**Exercise description:** Leave the pictures out, and transcribe the material below exactly from the line with "Foto del paso 4 de la receta: Pollo arvejado" to the line with "ISDIN Bexident Gengivas", both lines included.

**Records supplied:**
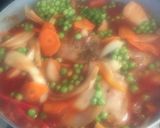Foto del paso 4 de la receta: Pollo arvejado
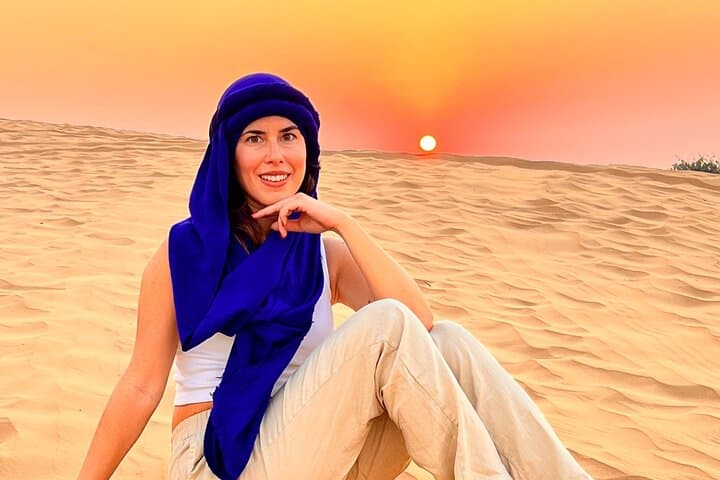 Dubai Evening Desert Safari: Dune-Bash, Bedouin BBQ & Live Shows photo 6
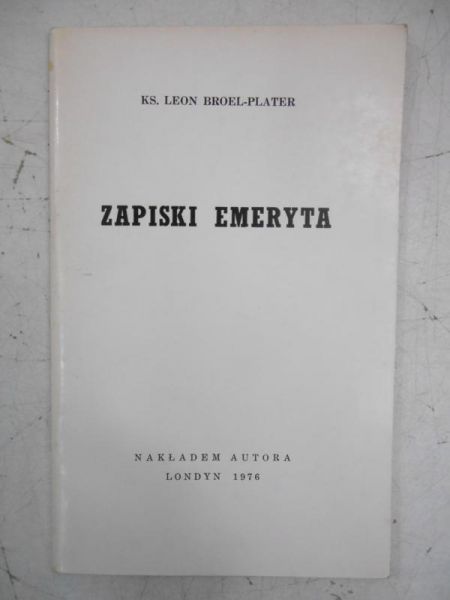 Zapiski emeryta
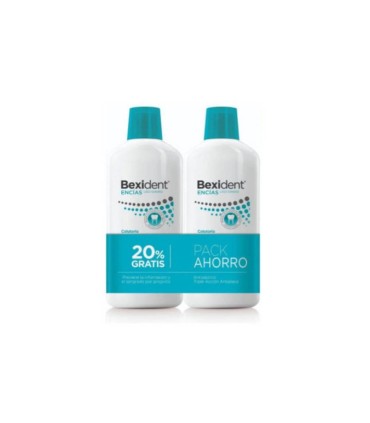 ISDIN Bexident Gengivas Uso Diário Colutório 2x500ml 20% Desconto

...

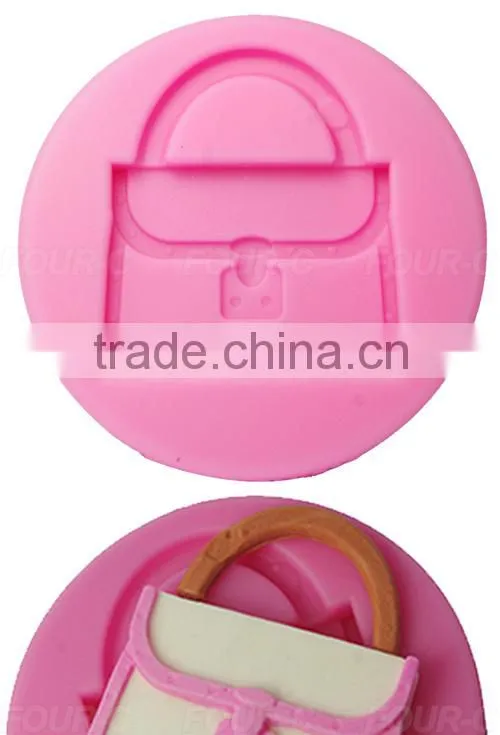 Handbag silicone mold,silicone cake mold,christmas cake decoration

**Task response:**
Foto del paso 4 de la receta: Pollo arvejado
 Dubai Evening Desert Safari: Dune-Bash, Bedouin BBQ & Live Shows photo 6
 Zapiski emeryta
 ISDIN Bexident Gengivas Uso Diário Colutório 2x500ml 20% Desconto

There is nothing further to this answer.